The sparkles of our firework shall be little red stars with an almost transparent color to allow some shine effects.

To make the firework more spectacular we also add a second trail emitter to our particle group, which will emit particles in a narrow cone downwards:

// inside particle group
TrailEmitter {
    id: explosion2Emitter
    anchors.fill: parent
    group: 'sparkle'
    follow: 'rocket'
    lifeSpan: 250
    emitRatePerParticle: 100
    size: 32
    velocity: AngleDirection { angle: 90; angleVariation: 15; magnitude: 400 }
}

Otherwise, the setup is similar to the other explosion trail emitter.
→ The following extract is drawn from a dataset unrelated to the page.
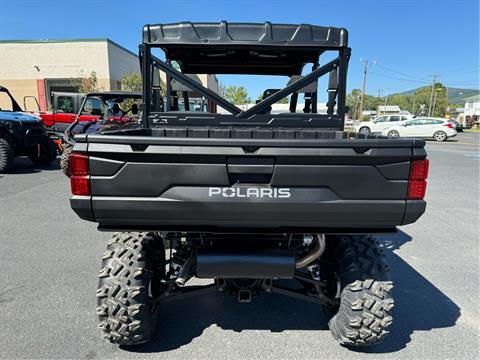 2025 Polaris Ranger Crew 1000 Premium in Petersburg, West Virginia - Photo 4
That’s it.

Here is the final result.

../_images/firework_final.png

Here is the full source code of the rocket firework.

import QtQuick 2.5
import QtQuick.Particles 2.0

Rectangle {
    id: root
    width: 480; height: 240
    color: "#1F1F1F"
    property bool tracer: false

    ParticleSystem {
        id: particleSystem
    }

    ImageParticle {
        id: smokePainter
        system: particleSystem
        groups: ['smoke']
        source: "assets/particle.png"
        alpha: 0.3
    }

    ImageParticle {
        id: rocketPainter
        system: particleSystem
        groups: ['rocket']
        source: "assets/rocket.png"
        entryEffect: ImageParticle.Fade
    }

    Emitter {
        id: rocketEmitter
        anchors.bottom: parent.bottom
        width: parent.width; height: 40
        system: particleSystem
        group: 'rocket'
        emitRate: 2
        maximumEmitted: 8
        lifeSpan: 4800
        lifeSpanVariation: 400
        size: 128
        velocity: AngleDirection { angle: 270; magnitude: 150; magnitudeVariation: 10 }
        acceleration: AngleDirection { angle: 90; magnitude: 50 }
        Tracer { color: 'red'; visible: root.tracer }
    }

    TrailEmitter {
        id: smokeEmitter
        system: particleSystem
        group: 'smoke'
        follow: 'rocket'
        size: 16
        sizeVariation: 8
        emitRatePerParticle: 16
        velocity: AngleDirection { angle: 90; magnitude: 100; angleVariation: 15 }
        lifeSpan: 200
        Tracer { color: 'blue'; visible: root.tracer }
    }

    Friction {
        groups: ['rocket']
        anchors.top: parent.top
        width: parent.width; height: 80
        system: particleSystem
        threshold: 5
        factor: 0.9

    }

    Turbulence {
        groups: ['rocket']
        anchors.bottom: parent.bottom
        width: parent.width; height: 160
        system: particleSystem
        strength:25
        Tracer { color: 'green'; visible: root.tracer }
    }


    ImageParticle {
        id: sparklePainter
        system: particleSystem
        groups: ['sparkle']
        color: 'red'
        colorVariation: 0.6
        source: "assets/star.png"
        alpha: 0.3
    }

    GroupGoal {
        id: rocketChanger
        anchors.top: parent.top
        width: parent.width; height: 80
        system: particleSystem
        groups: ['rocket']
        goalState: 'explosion'
        jump: true
        Tracer { color: 'blue'; visible: root.tracer }
    }

    ParticleGroup {
        name: 'explosion'
        system: particleSystem

        TrailEmitter {
            id: explosionEmitter
            anchors.fill: parent
            group: 'sparkle'
            follow: 'rocket'
            lifeSpan: 750
            emitRatePerParticle: 200
            size: 32
            velocity: AngleDirection { angle: -90; angleVariation: 180; magnitude: 50 }
        }

        TrailEmitter {
            id: explosion2Emitter
            anchors.fill: parent
            group: 'sparkle'
            follow: 'rocket'
            lifeSpan: 250
            emitRatePerParticle: 100
            size: 32
            velocity: AngleDirection { angle: 90; angleVariation: 15; magnitude: 400 }
        }
    }
}

10.8. Summary

Particles are a very powerful and fun way to express graphical phenomena like smoke. firework, random visual elements. The extended API in Qt 5 is very powerful and we have just scratched the surface. There are several elements we haven’t yet played with like sprites, size tables or color tables. Also when the particles look very playful they have a great potential when used wisely to create some eye catcher in any user interface. Using too many particle effects inside a user interface will definitely lead to the impression towards a game. Creating games is also the real strength of the particles.